On another board I frequent I recall 2 members from the UK being harassed by police. One for using a heavy walking stick to assist him walking up a hill near his home. (Do you really need that cane or are you carrying it as a possible weapon?") And another who was a cricket fan (I know, I don`t get it either) and was walking down the street with a cricket ball in his hand. The police stopped him and began asking him several probing questions because "That could be used as an offensive weapon sir."

Of course, there may be a legitamate reason.

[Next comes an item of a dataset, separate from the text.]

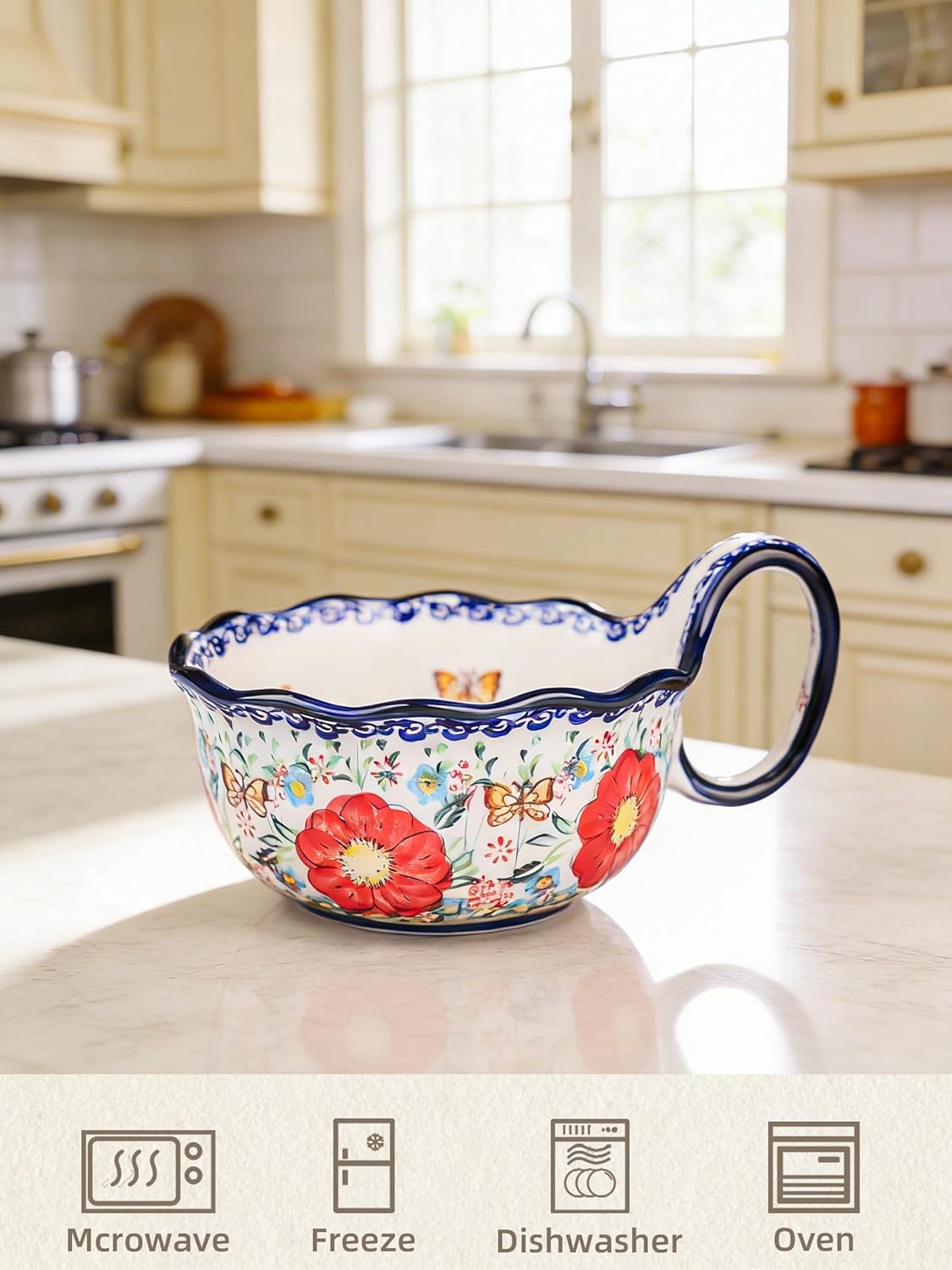 silesia Handmade Ceramic Soup Bowl, 30 oz Hand Painted Bowl with Loop Handle, Floral Design Cereal Bowl for Soup, Ice cream, Snack, Microwave & Dishwasher Safe (Flowers Red)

Several years ago I recall that Poland was experiancing such a high number of people being beaten up with baseball bats that they considered banning the sale unless you could prove you were a member of a team.


----------



## Ken Morgan

I can't wait till they start banning tree branches and rocks...


----------



## Tez3

No you don't have to belong to a MA club or anything to own swords here.
What's Excalibur got to do with Eire?

It's all so generalised and word of mouth, it almost sounds like urban legends 'a policeman stopped a guy carrying a cricket ball', well what police force? where? 
I know a man who knows a man whose cousin's girlfriend's auntie heard of someone stopped by the police for carrying a pair of scissors, yeah right. proof please!
And for those who don't play cricket do you know what one looks like or more importantly how it feels to be hit by one?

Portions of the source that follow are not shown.